Released: August 31, 1999 Rated: T 5/10

If I were assigning half-point scores on these ratings, WWF Attitude would be a key candidate for a 5.5 rating, if only to denote what it does to hold a leg up on its predecessor, which if you’re reading this collection of profiles alphabetically, I go on at length about with far more focus on the game engine. What’s important to understand first about WWF Attitude compared to the previous year’s War Zone, is that regardless of how we feel about it now, War Zone was far from a failure, and with the WWF and wrestling in general still cooking with absolute fire, everybody involved would be clamoring for a follow-up as quickly as possible.
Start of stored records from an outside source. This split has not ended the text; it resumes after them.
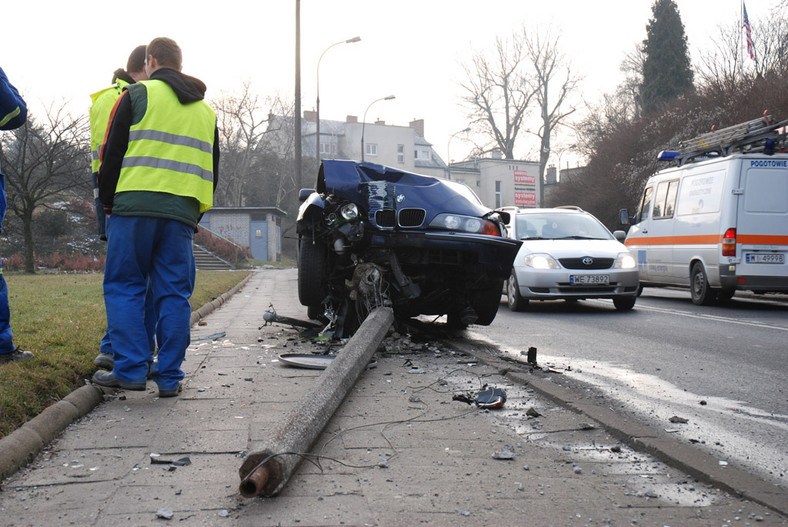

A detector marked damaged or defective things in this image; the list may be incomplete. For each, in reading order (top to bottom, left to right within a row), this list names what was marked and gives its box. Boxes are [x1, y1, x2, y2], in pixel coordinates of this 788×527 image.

crashed blue bmw [296, 159, 524, 336] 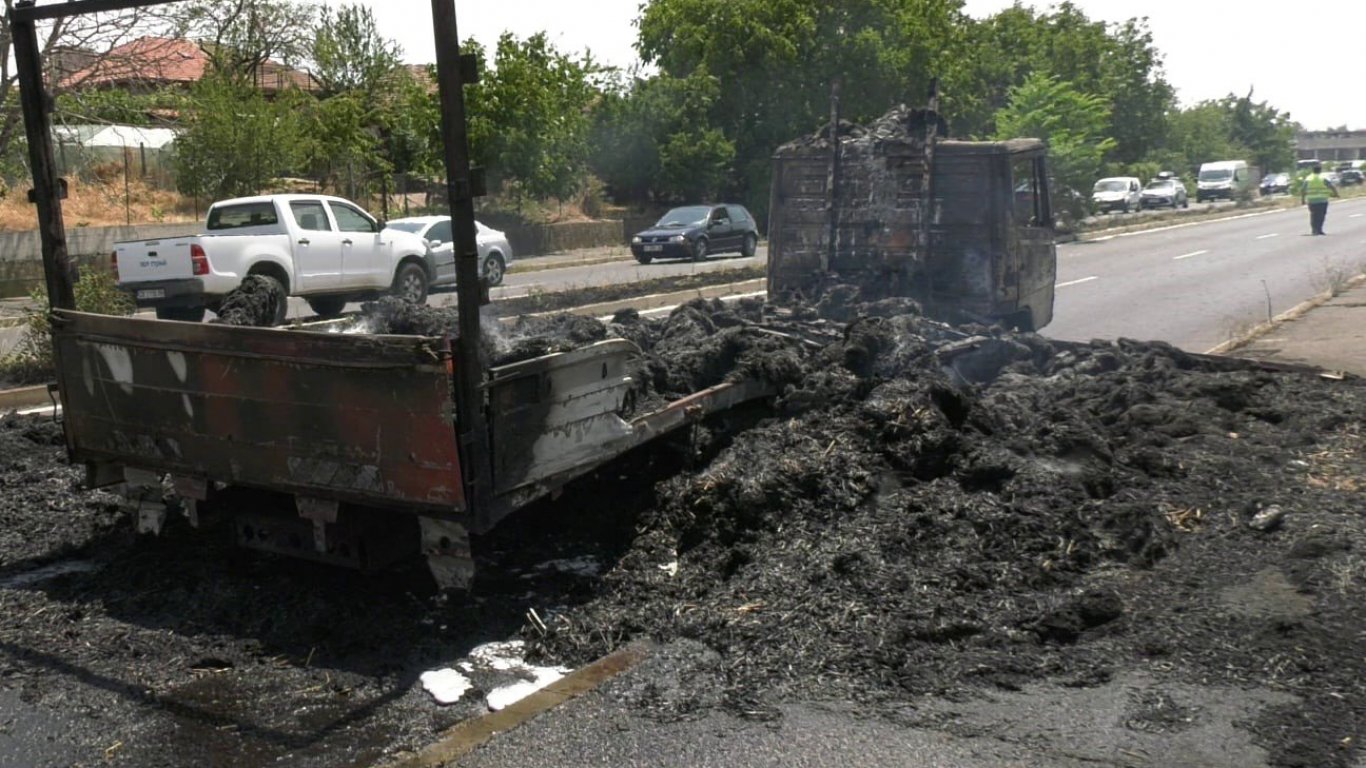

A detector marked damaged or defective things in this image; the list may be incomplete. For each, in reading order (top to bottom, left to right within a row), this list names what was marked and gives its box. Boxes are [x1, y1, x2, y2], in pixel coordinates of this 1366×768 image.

rusted metal frame [12, 0, 177, 22]
burnt truck cab [770, 108, 1054, 332]
burned tire [393, 259, 428, 302]
rusted metal frame [428, 0, 494, 524]
burned tire [480, 252, 502, 285]
burned tire [688, 236, 710, 262]
burned tire [737, 229, 759, 256]
burned tire [155, 303, 204, 321]
burned tire [307, 293, 346, 315] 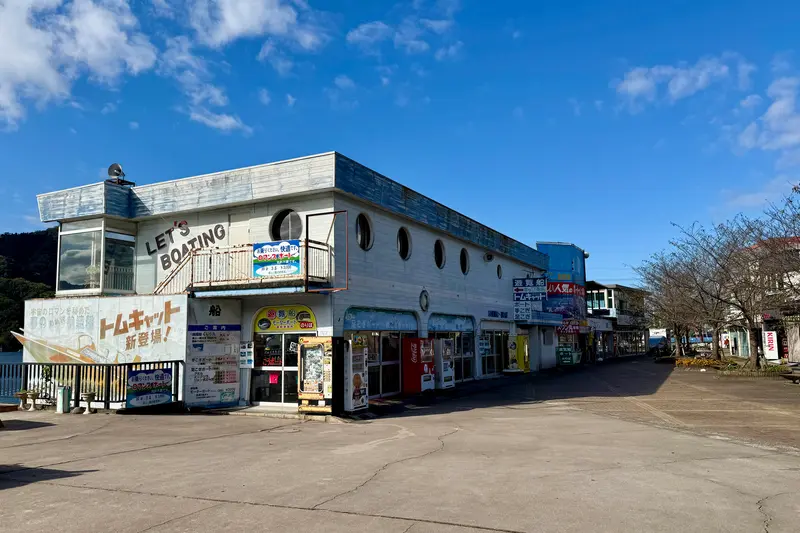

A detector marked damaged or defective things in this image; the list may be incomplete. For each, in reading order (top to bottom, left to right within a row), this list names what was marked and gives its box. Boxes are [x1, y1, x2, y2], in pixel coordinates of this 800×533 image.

crack in pavement [0, 422, 304, 476]
crack in pavement [314, 426, 462, 510] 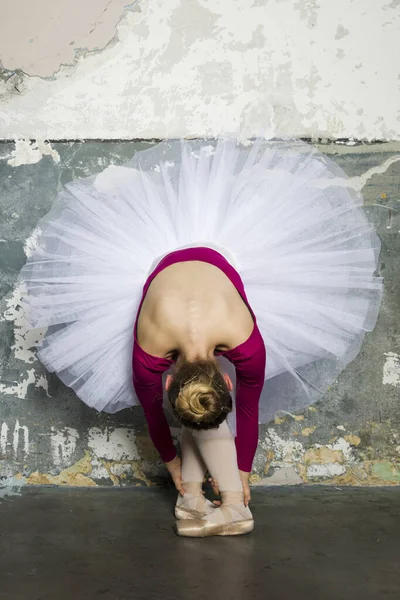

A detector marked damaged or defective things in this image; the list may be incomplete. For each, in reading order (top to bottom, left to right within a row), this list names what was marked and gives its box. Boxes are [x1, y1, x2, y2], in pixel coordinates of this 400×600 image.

peeling paint wall [0, 0, 400, 139]
cracked wall [0, 0, 400, 139]
chipped plaster [0, 0, 400, 140]
cracked wall [0, 141, 398, 488]
peeling paint wall [0, 142, 398, 488] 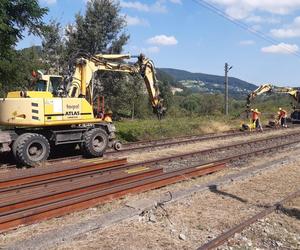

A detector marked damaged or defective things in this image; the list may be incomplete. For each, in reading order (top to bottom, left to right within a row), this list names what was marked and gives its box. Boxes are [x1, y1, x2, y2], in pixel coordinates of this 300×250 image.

rusty rail [197, 190, 300, 249] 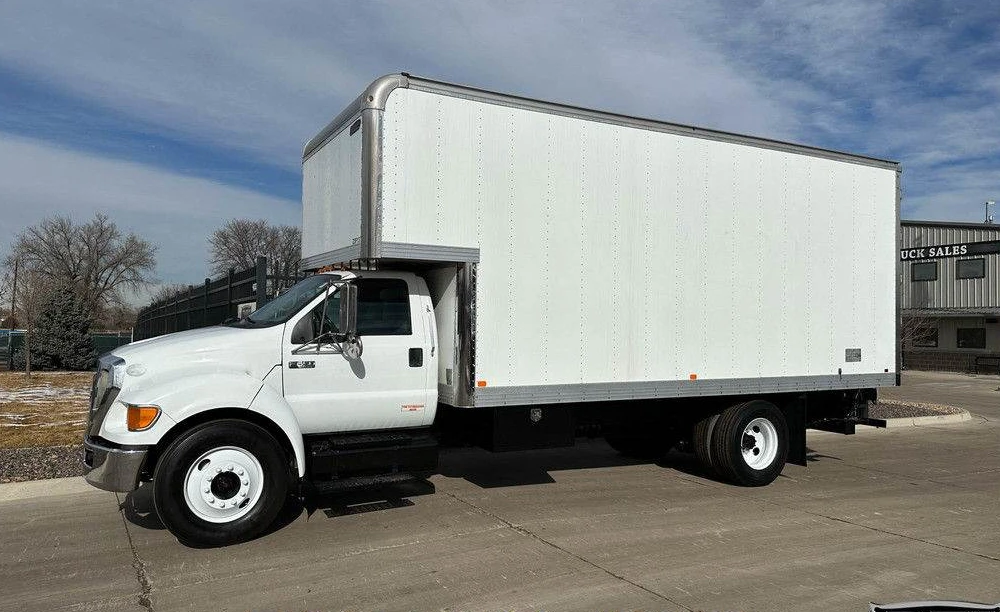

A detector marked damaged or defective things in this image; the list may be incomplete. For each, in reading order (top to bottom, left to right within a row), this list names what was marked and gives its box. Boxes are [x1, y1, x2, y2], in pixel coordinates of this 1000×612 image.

pavement crack [115, 492, 153, 612]
pavement crack [446, 492, 696, 612] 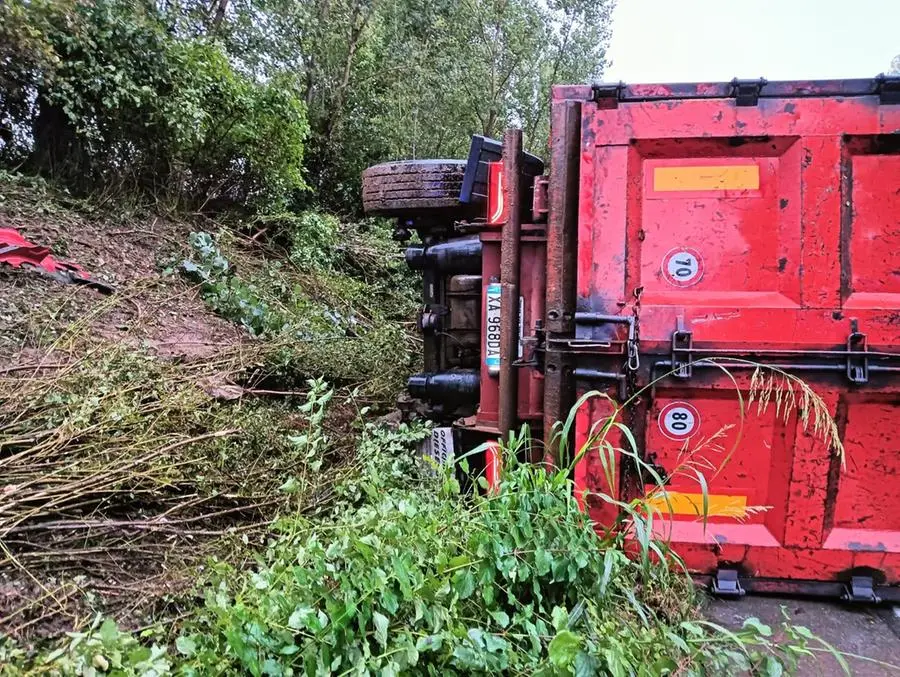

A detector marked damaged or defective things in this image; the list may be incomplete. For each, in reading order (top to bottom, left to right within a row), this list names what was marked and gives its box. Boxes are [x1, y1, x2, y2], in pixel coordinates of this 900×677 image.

rusty metal bar [496, 129, 524, 438]
rusty metal bar [544, 100, 580, 460]
overturned red truck [360, 76, 900, 600] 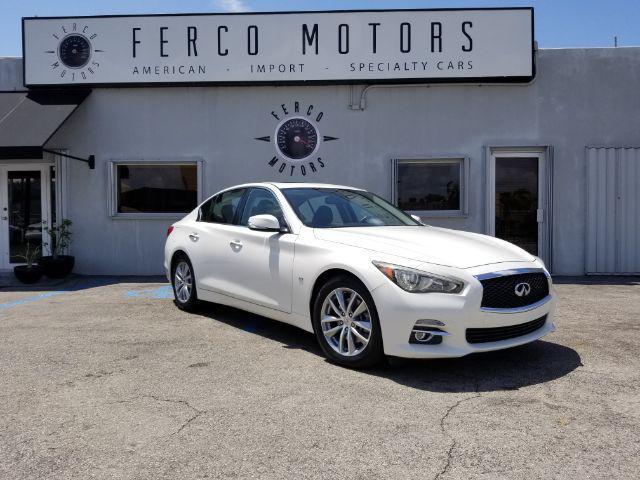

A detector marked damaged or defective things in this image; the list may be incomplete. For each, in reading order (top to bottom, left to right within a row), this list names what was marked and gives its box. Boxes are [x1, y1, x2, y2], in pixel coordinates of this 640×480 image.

pavement crack [436, 384, 480, 480] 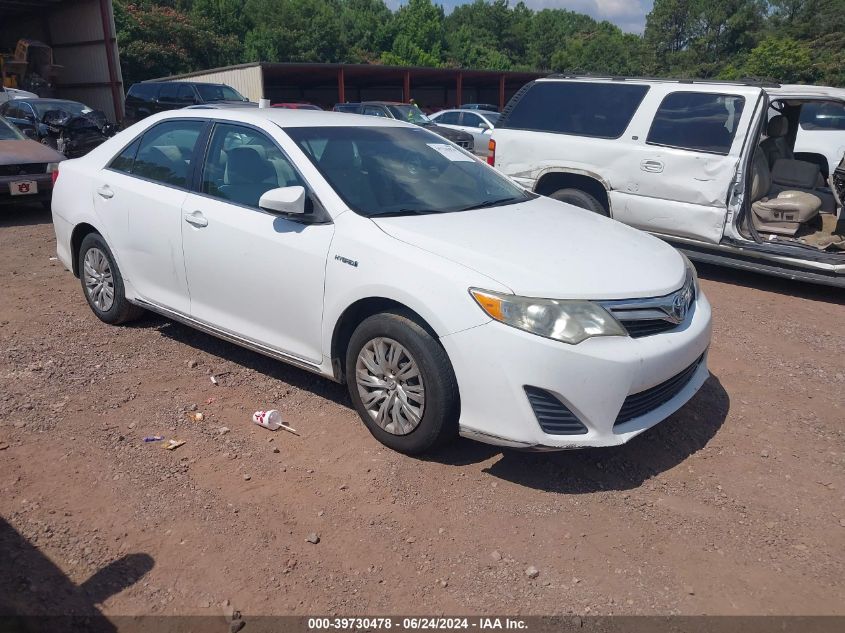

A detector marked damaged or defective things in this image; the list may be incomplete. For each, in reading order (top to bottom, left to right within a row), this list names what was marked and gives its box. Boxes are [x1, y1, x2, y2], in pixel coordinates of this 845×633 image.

damaged vehicle [0, 99, 115, 159]
damaged vehicle [492, 75, 844, 288] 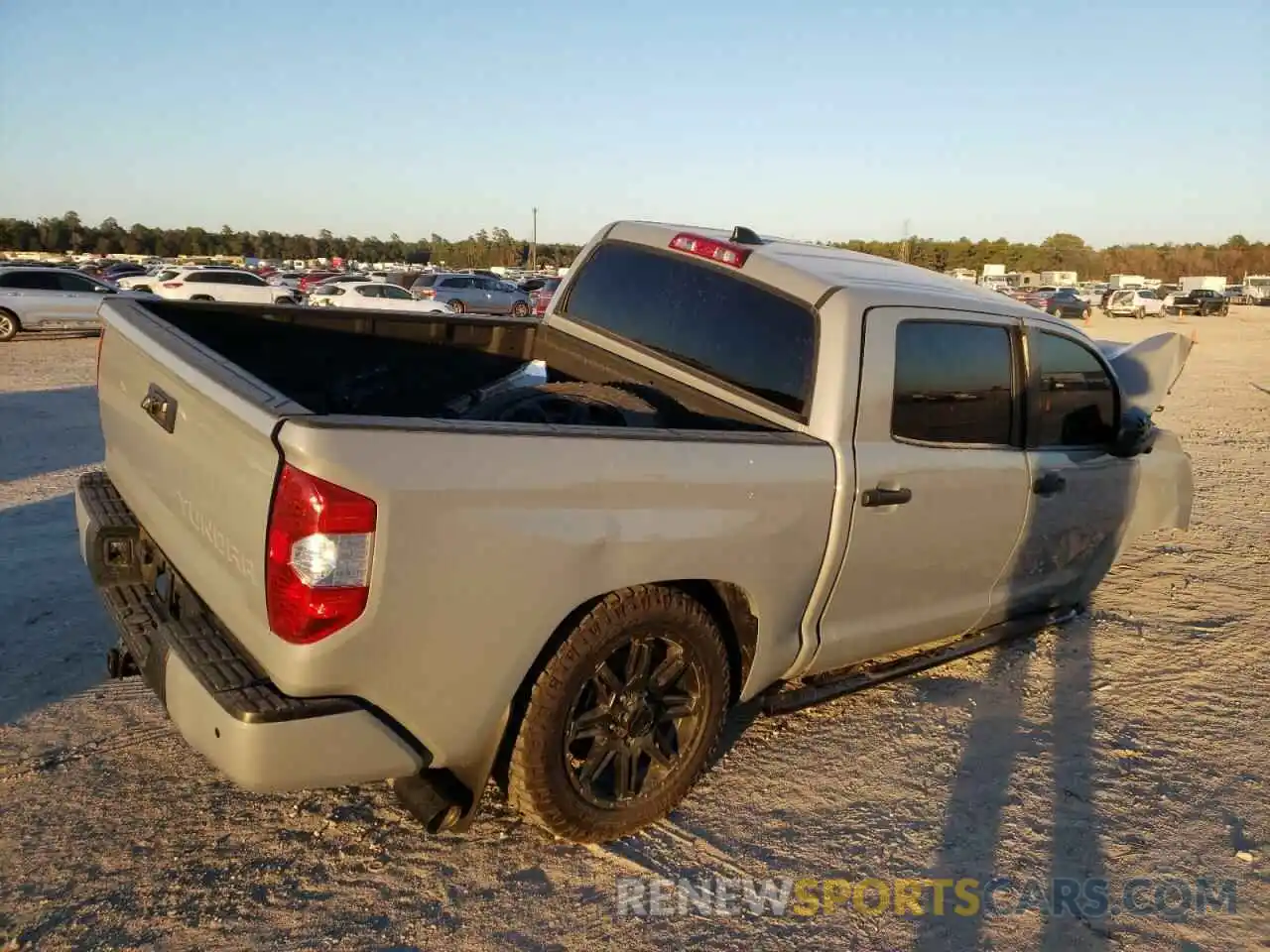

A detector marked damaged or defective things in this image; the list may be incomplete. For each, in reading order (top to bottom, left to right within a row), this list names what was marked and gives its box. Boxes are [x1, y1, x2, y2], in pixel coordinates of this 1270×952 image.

damaged pickup truck [76, 222, 1189, 842]
damaged hood [1096, 332, 1194, 416]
And with this both being the year-on sequel and Acclaim’s last hurrah with the license – WWF would find the greener pastures of the AKI engine with WrestleMania 2000 before the end of the same year.

Yet another snapshot of this game’s timing: black bar steel cage!

What this leaves us with for Attitude, a title originally scheduled for release as early as March 1999, only to release on consoles in August, is a tremendous update in terms of content and window dressing compared to War Zone, but with basically no change to the gameplay engine or controls. That’s disappointing, but familiar to anybody even remotely aware of the situation with many yearly sports titles, a genre which modern WWE is firmly rooted in, and more or less has been since right around this time when they achieved some of their biggest mainstream crossover. At its core, it’s a bad game on a bad foundation, losing even more ground at this point to the superior games WCW was releasing, and nothing was going to change that in only a year.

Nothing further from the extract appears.